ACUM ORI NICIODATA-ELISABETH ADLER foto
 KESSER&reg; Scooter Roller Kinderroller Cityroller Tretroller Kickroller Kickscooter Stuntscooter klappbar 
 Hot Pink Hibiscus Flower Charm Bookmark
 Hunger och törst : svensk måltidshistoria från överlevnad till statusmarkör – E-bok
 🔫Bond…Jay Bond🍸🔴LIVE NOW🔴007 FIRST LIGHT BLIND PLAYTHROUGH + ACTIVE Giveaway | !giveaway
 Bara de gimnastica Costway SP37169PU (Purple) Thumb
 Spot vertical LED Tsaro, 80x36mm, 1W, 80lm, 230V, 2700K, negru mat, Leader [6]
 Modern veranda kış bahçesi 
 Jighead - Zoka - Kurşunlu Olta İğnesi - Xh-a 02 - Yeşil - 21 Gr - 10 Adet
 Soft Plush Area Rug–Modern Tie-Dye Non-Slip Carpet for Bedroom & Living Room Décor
---------------
**Problem requirements:** The records above should be copied out again in full, exactly as they appear.

**Answer to this exercise:**
ACUM ORI NICIODATA-ELISABETH ADLER foto
 KESSER&reg; Scooter Roller Kinderroller Cityroller Tretroller Kickroller Kickscooter Stuntscooter klappbar 
 Hot Pink Hibiscus Flower Charm Bookmark
 Hunger och törst : svensk måltidshistoria från överlevnad till statusmarkör – E-bok
 🔫Bond…Jay Bond🍸🔴LIVE NOW🔴007 FIRST LIGHT BLIND PLAYTHROUGH + ACTIVE Giveaway | !giveaway
 Bara de gimnastica Costway SP37169PU (Purple) Thumb
 Spot vertical LED Tsaro, 80x36mm, 1W, 80lm, 230V, 2700K, negru mat, Leader [6]
 Modern veranda kış bahçesi 
 Jighead - Zoka - Kurşunlu Olta İğnesi - Xh-a 02 - Yeşil - 21 Gr - 10 Adet
 Soft Plush Area Rug–Modern Tie-Dye Non-Slip Carpet for Bedroom & Living Room Décor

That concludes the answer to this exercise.